In today's gospel, we find that Jesus' neighbors and family despise him because he is one of them. His familiarity, his greatest strength, is, in their eyes, a weakness and a reason to ignore him.
From its earliest days the Church has struggled to protect and announce the Incarnation. The doctrine that God is one of our own children will always be unappealing to those who want power; it will be unconvincing to those who must be coerced, pushed, shoved and bullied to do the right thing. We must defend this doctrine not because we dislike power per se; we don't have an ideological contempt for it.
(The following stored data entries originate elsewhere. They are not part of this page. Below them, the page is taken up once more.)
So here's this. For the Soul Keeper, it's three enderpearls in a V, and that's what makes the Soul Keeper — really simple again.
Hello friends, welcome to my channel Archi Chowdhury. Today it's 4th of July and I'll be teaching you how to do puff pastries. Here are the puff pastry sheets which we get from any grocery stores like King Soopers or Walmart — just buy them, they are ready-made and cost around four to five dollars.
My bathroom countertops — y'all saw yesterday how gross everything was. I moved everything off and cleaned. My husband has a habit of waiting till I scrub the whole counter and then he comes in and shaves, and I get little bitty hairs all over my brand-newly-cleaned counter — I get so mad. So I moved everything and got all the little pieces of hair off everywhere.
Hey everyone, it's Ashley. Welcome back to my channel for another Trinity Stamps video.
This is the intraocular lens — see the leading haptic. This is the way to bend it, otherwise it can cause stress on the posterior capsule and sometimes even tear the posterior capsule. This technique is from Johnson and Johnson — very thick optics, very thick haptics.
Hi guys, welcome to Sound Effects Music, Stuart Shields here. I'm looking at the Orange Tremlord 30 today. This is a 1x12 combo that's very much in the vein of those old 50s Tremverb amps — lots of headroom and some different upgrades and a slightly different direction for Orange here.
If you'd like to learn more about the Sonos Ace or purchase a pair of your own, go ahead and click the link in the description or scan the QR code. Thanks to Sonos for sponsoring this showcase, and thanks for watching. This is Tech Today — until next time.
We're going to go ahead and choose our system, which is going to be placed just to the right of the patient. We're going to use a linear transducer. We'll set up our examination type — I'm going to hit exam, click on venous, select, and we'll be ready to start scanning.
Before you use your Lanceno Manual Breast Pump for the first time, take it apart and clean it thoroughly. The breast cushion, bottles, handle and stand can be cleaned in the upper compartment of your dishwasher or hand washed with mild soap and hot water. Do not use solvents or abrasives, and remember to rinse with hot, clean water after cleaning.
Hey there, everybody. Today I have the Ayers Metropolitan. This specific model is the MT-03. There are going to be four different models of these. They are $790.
Rather, faith has shown us that the only way the All-Powerful God can save us is through weakness.
Or, to put it in other words, an All-Powerful God's greatest strength is his ability to strip himself of power to become the least among us. If God cannot divest himself of "all authority in heaven and earth," he is owned by it; he has become its slave. In that case, fearing the loss of power, he must regard every other being as a threat.
We learn of the Father's total divestiture when Jesus declares "all authority in heaven and earth has been given to me." And we see Jesus stripped of that same power in his crucifixion. In that moment he has handed authority over to us in the Person of his Holy Spirit.
And now we too experience the weakness of God despite the supreme authority of Love, Goodness and Truth. We present ourselves to our neighbors as disciples and messengers of God; some accept us and others take offense at us because we are entirely too familiar. They can point to our sins as disqualifying, or to our virtue. We are entirely too ordinary and they want supermen.
Or they can accept us with the same ready faith that binds them and us to the Father of Jesus. In that day we know Communion.